INPUT RECORDS:
· · ·

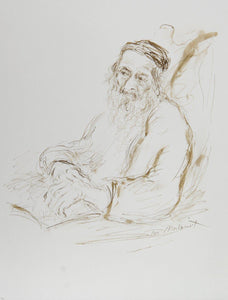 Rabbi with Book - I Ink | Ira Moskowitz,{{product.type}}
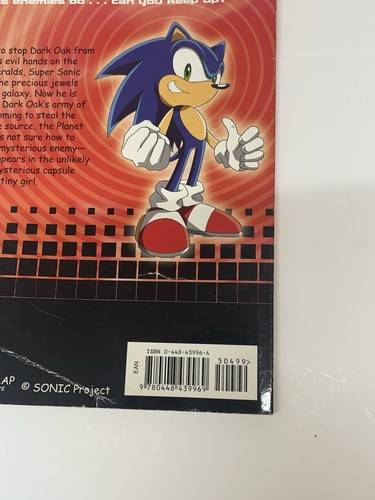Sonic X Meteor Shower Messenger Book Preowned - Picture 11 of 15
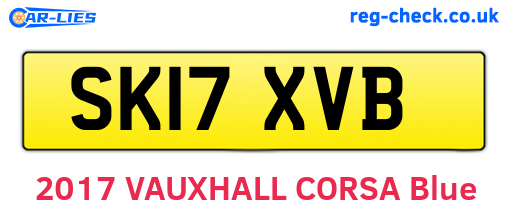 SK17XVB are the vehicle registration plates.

· · ·

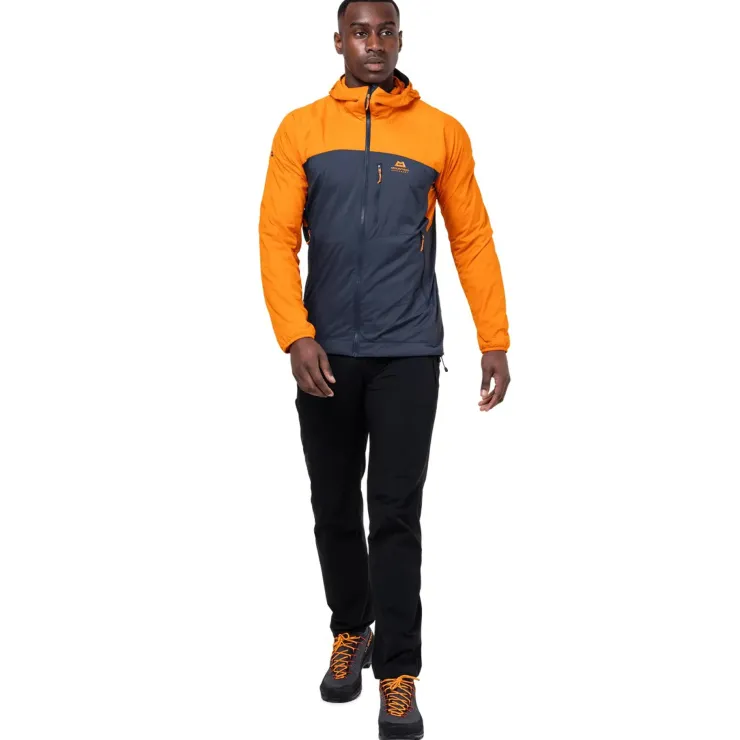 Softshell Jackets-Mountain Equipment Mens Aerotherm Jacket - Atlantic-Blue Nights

· · ·

Starting at the line above that has "Sonic X Meteor" and ending at the line that has "SK17XVB are the vehicle registration plates.", copy each line exactly, leaving the pictures out and adding nothing.

TASK RESULT:
Sonic X Meteor Shower Messenger Book Preowned - Picture 11 of 15
 SK17XVB are the vehicle registration plates.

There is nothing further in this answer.